I wanted to test both coatings, and I did, but ended up using more C1 than CQuartz. I used a soft foam applicator and cotton clothes to apply the products. These accessories were supplied with the CQuartz. Here are my short observations about these two coatings…

GTechnic C1 (25ml):
+ smells neutral
+ very, very sufficient (I used maybe 15ml for the 4/5 of the car)
+ easy and fast to apply with a cotton cloth
+ easy to wipe off (please note the cons too!)
+ no curing time (please note the observations, though!)
- doesn't leave the surface super slick (gathers some fibers from the mf)
- if used too much, the clouding effect is imminent when wiping off the product

Like mentioned above, the clouding effect was maybe the only problem I had with the product. The C1 instructions advise to remove the residues right after applying, but I think the product didn't cure fast enough to be ready for this, so the clouding was obvious. I took a risk and let the C1 fully cure (1½h) and wanted to see if I can remove the clouding after the coating is fully dried. And to my surprise, removing the residues/clouding was quite easy with a quick detailer and microfiber cloth! All the fibers that stucked in the surface during wipeoff, were also easy to remove with a qd at this point.

I really liked applying the C1, and therefore I decided to use it more than CQuartz.

CarPro CQuartz (25ml):
+ no notices of clouding effect
+ very sufficient
+ easy to wipe off
- curing time 20-30 min
- pungent smell
- fluffed the cotton cloth while applying on surface
- doesn't leave the surface super slick (gathers some fibers from the mf)

I used CQuarts only on the rear part of the car, but now I think I should have used it more to see if there's the same clouding effect than with a C1. I didn't see any streaking where I put it and wiped off, though. I think the advised longer curing time has something to do with this.

Same thing with the CQuartz, it didn't leave the surface slick and collected some fibers from the mf, but they were easy to remove later with a qd and mf.

We'll see later about the scratch resistance features and durability of these products.

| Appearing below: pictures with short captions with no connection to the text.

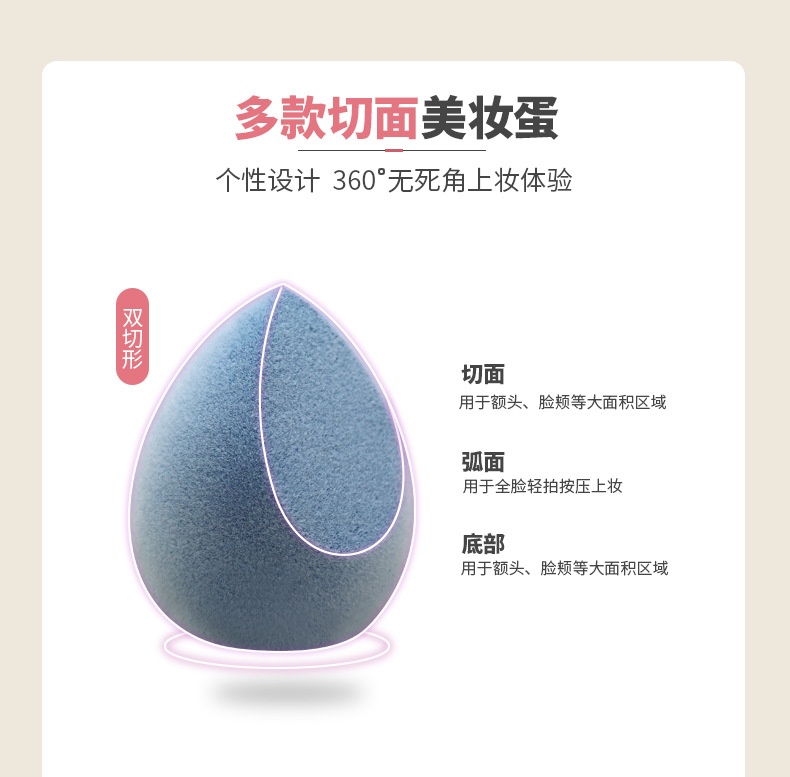 商品[国内直发] GLENVINTEN|格兰云顿干湿两用Q弹省粉植绒美妆蛋不掉毛不吃粉化妆工具,价格¥111,第7张图片详细描述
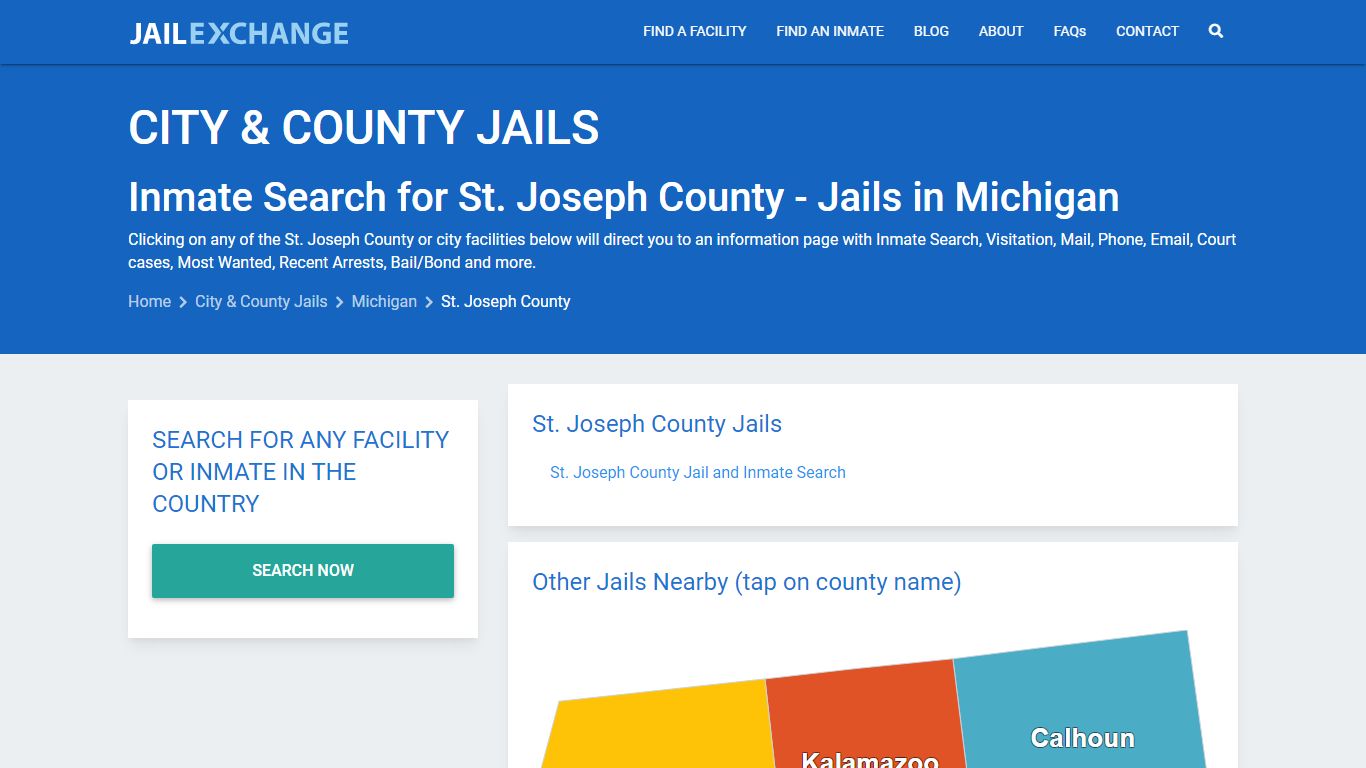 Inmate Search for St. Joseph County | Jails in Michigan - Jail Exchange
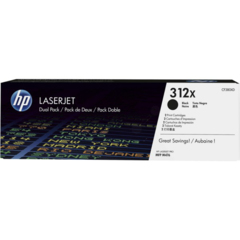 Toner HP 312X, HP CF380XD, dvoubalení - originální (2x Černý)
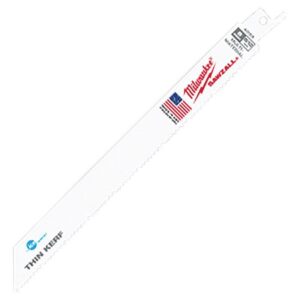 Milwaukee Ice Hardened 8 in. Thin Kerf Reciprocating Saw Blade 8/12 TPI 5 pk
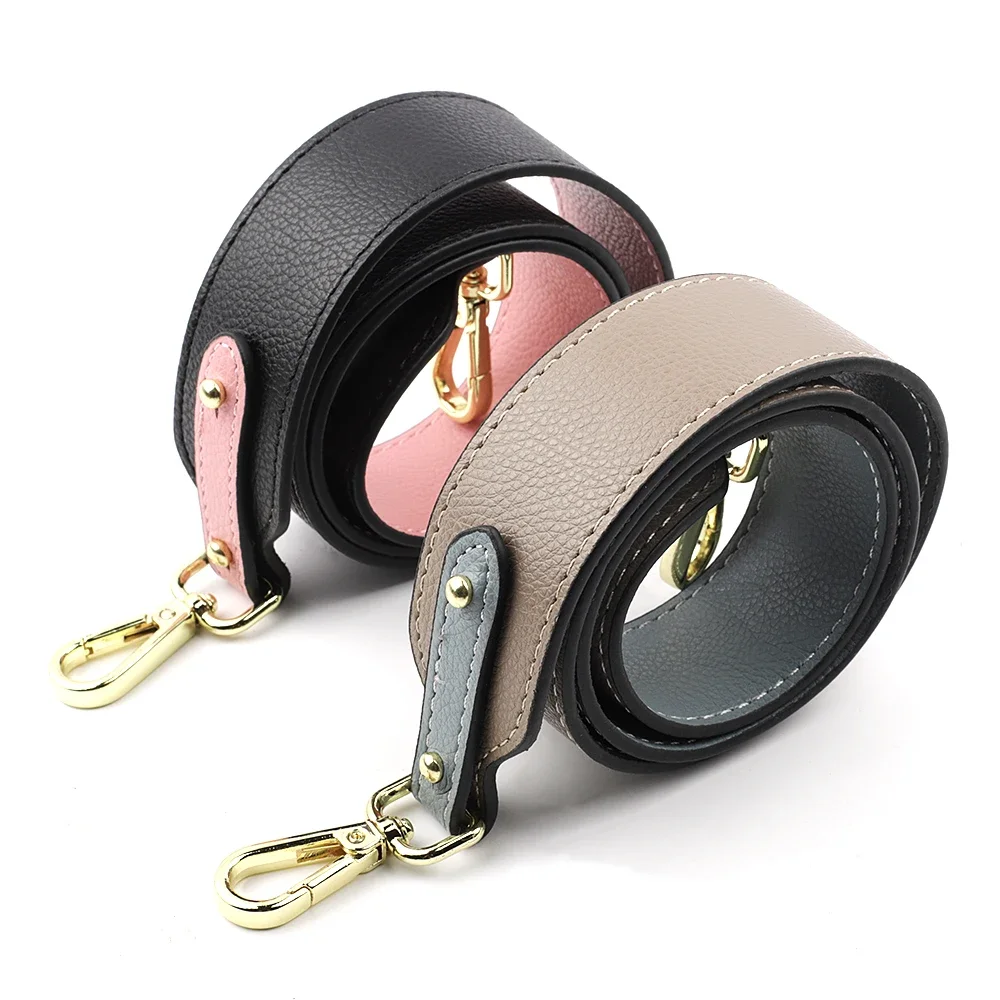 Shoulder Bag Strap Fashion Wide Replacement Strap Bucket Genuine Cow Leather Crossbody Bag Belt Handbag Accessories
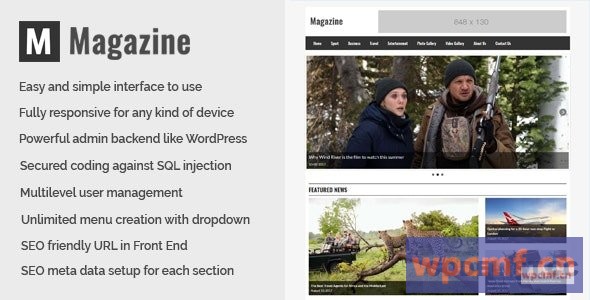 杂志1.0版 在线新闻和杂志内容管理系统 可代汉化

-------------------------------------------------

*The process was:

Pre-wash:
- Turtle Wax Super Detergent wash
- Bilt-Hamber Autofoam

Wash:
- Turtle Wax Big Orange + sheepskin mitt 
- 2 bucket method

Claying:
- Sonüs Ultra Fine Detailing Clay + Turtle Wax Big Orange + water as a lubricant

Polishing:
- Flex PE 14-2 + Lake Country CCS white and orange pad + Menzerna PO85RD 3.02
- Flex XC 3401 VRG + Lake Country CCS white pad + Menzerna PO85RD

Coatings:
- CarPro CQuartz
- GTechnic C1

Tyres:
- Meguiar's Gold Class Endurance Tyre Gel

Interior:
- AutoGlym Interior Shampoo
- AutoGlym Leather Care Cream
- AutoGlym Vinyl & Rybber Care*

-------------------------------------------------

Then the photos. Some pointless pics included. 
I could have taken more pics of applying the coatings, maybe.

*Going for a wash*




























-------------------------------------------------

*In the wash*

Turtle Wax Super Detergent wash.









Autofoam.


















Drying.









Then I had to move the car into another garage to make some room for other users (However, there wasn't too many people washing their cars on a New Year's Eve).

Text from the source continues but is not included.